Exercise objective>
Dropping every picture, set down exactly the lines in the entries below, starting with the line with "Google Compute Engine" and going on through the line with "Azure Active Directory: one".

(Given entries Opens)

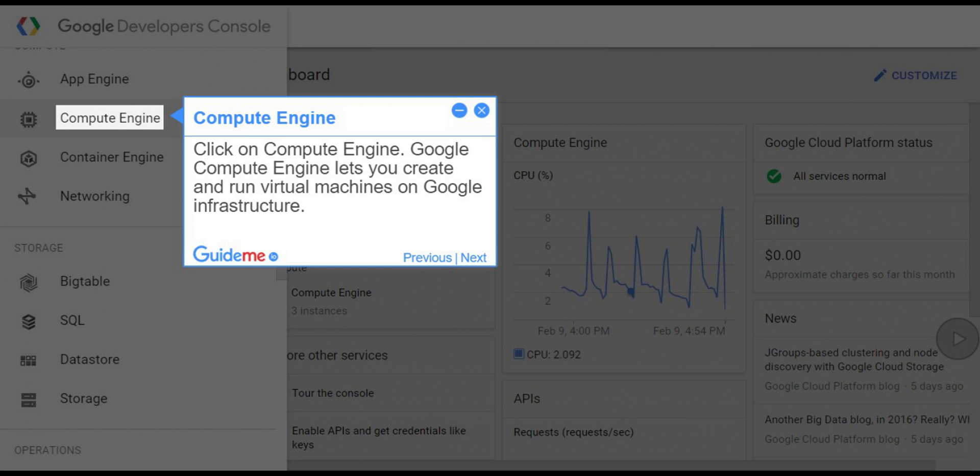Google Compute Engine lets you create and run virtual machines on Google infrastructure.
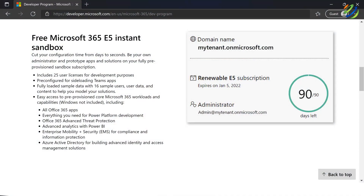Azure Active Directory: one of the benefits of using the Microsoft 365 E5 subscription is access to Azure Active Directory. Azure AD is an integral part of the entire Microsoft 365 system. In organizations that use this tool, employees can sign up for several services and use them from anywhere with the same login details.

(Given entries Closes)
(Given entries Opens)

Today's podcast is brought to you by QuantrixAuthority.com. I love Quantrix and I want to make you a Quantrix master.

(Given entries Closes)

Output below>
Google Compute Engine lets you create and run virtual machines on Google infrastructure.
Azure Active Directory: one of the benefits of using the Microsoft 365 E5 subscription is access to Azure Active Directory. Azure AD is an integral part of the entire Microsoft 365 system. In organizations that use this tool, employees can sign up for several services and use them from anywhere with the same login details.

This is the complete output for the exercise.